How prepared are the municipalities for the European Green Deal
How prepared are the municipalities for the European Green Deal

How prepared are the municipalities for the European Green Deal

Report evaluates public officers, employed and elected, in European countries, including Greece
Valia Politi

Achieving net-zero in cities does not only include the building stock, but also the services and infrastructure related to the urban environment, which are often provided by municipalities. But are the employees of the Greek municipalities prepared to make the necessary changes, in order to make our cities more sustainable and to achieve the goals of the European Green Deal? How do they assess themselves and in what areas do they believe that help is needed?

A survey was conducted by “EGD4Cities - European Green Dealfor Cities”, a project co-financed by the European Union under Erasmus +. EGD4Cities aims to empower local authorities to create long-term Sustainable Development plans, by introducing skills related to the transition to a cyclical and greener economy.

To achieve this goal, seven partners from six European countries, including Greece, conducted a survey, involving mainly local authorities’ staff and representatives, as well as NGO members, who are called upon to act as a driving force towards change and a spokesperson of citizens. The main objective of the resulting report is to determine the level of knowledge and understanding of the participants, in matters related to the European Green Deal.

Ultimately, the goal is to develop a common document that can be used by local authorities to strengthen their role in helping actions related to climate change. In addition, the methodology used is expected to promote useful data sources, guidelines and standards, as well as good practices, which can be applied in various local communities.

In Greece, the participants were mainly public officers and politicians, with significant experience, as the majority (52%) have held the same position for 6 to more than 10 years, while another significant percentage of 26% is in their job for at least 3 years.

Greece gathered the largest percentage among the participating countries, in terms of a good level of knowledge, regarding the UN Sustainable Development Goals or the environmental and climate goals. Specifically, 57% of Greek respondents consider that they have a high level of knowledge on the aforementioned issues, while an additional 17% classify their knowledge at a very high level.

The percentage claiming to have heard about the European Green Deal or the 2030 Agenda for Sustainable Development is also high (87%), while the highest percentage is recorded by our country in the number of respondents who stated that they know what the Just Transition Fund is (Greece: 74%, Poland: 72%, Bulgaria: 50%, Cyprus: 45%, Italy: 35%, Ireland: 30%).

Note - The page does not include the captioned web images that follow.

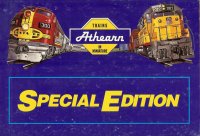Athearn Sales List Special Edition
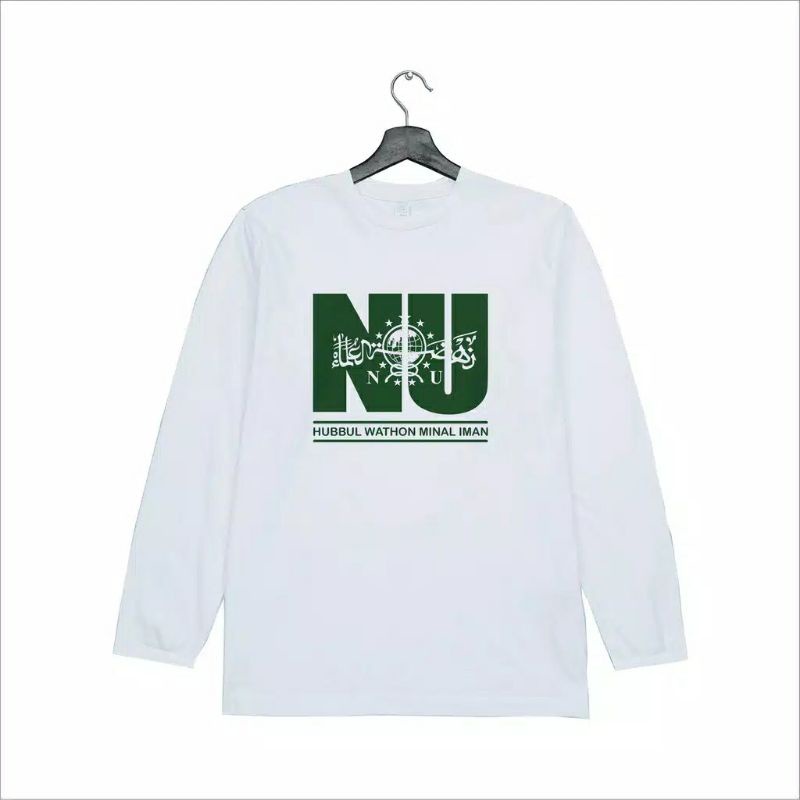 KAOS LENGAN PANJANG NAHDATUL ULAMA KAOS NU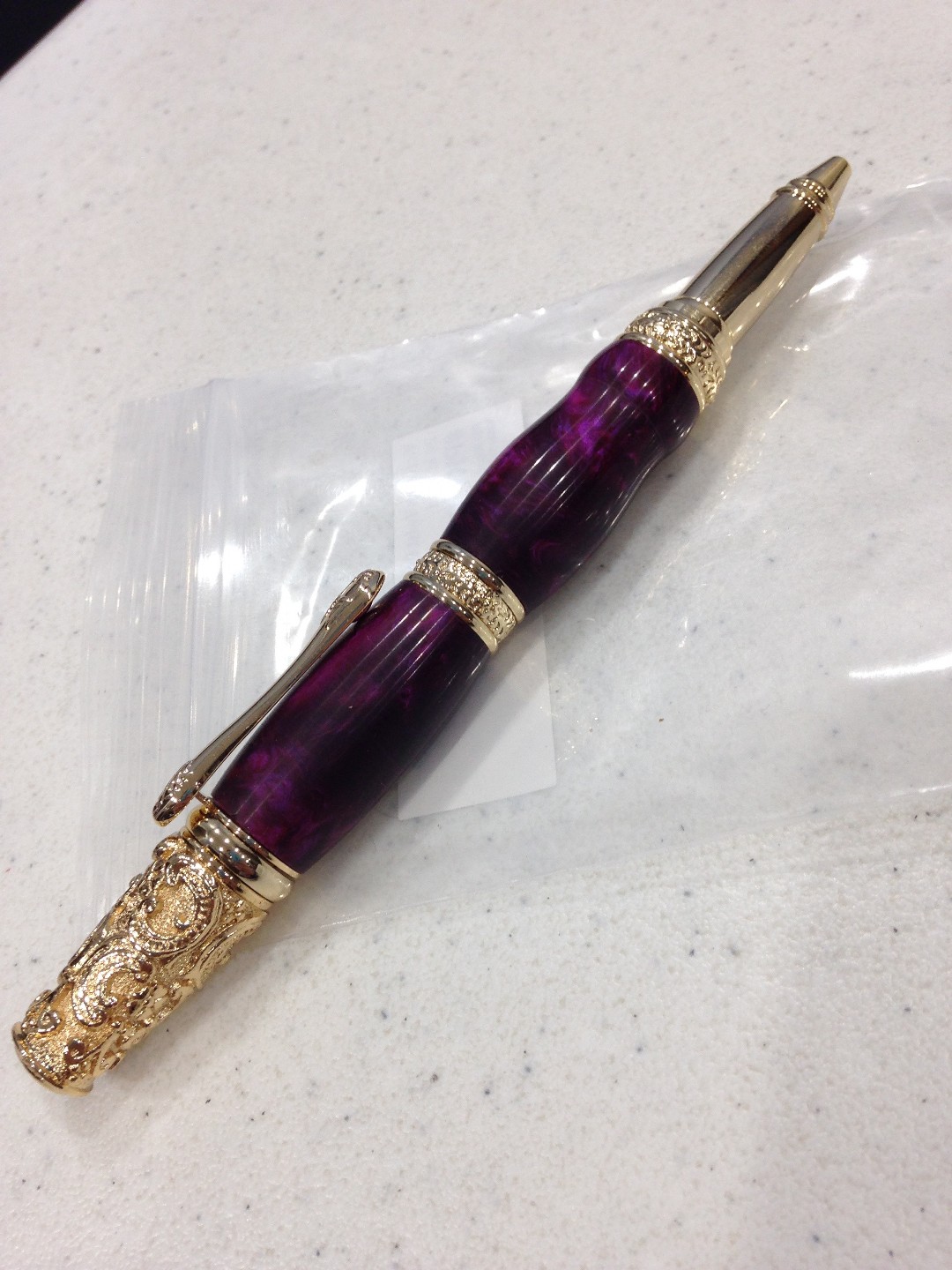 Pen #5 - Victorian Twist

Regarding the level of progress of each municipality in the priorities of the European Green Deal, respondents said that their local governments are developing policies for sustainability or that these policies are in progress, while the municipalities with completed policies seem to be few. At the same time, local governments largely state that they simply focus on national legislation and recommendations (88%) to develop sustainable development plans and strategies, which may signal a lack of compliance with non-mandatory European policies.

Regarding the communication with citizens, the Greek local authorities state that they are trying to make them actively aware of the sustainable policies and actions related to the Green Deal, while at the same time they are collecting feedback. However, improvement is needed in the efforts to involve businesses and other stakeholders in relevant actions and policies.

In general, public officers of the Greek municipalities state that they are quite aware of the European efforts to achieve a green transition in cities, while the support they need is, according to the respondents’ opinion, primarily financial (95%), followed by the need for capacity building (75%) access to information sources (55%) and administrative support (55%). However, 96% of respondents also stated that they need special training, mainly in relation to Green Sectoral Skills (88%) and communication or marketing skills to engage citizens (52%)

Finally, in the list of the three biggest obstacles faced by local authorities in achieving the goals of the Green Deal, answers vary considerably, with lack of financial capacity (18%), burdensome bureaucracy (17%) and lack of citizens’ support and involvement (13%) being slightly ahead of other factors.

Given that the research focused on people working in local services related to the European Green Deal, it seems that public officers directly involved with these issues have a satisfactory level of information and knowledge, but do not consider that their entire municipality is properly trained or has the necessary knowledge, resources and skills to meet the demands of transitioning to more sustainable cities and societies.

In general, the survey showed that few Local Authorities seem to have taken full action on the European Green Agreement. Most municipalities seem to be trying to adopt as much of the aspects as possible, but the fact remains that they are far from implementing real actions towards sustainability.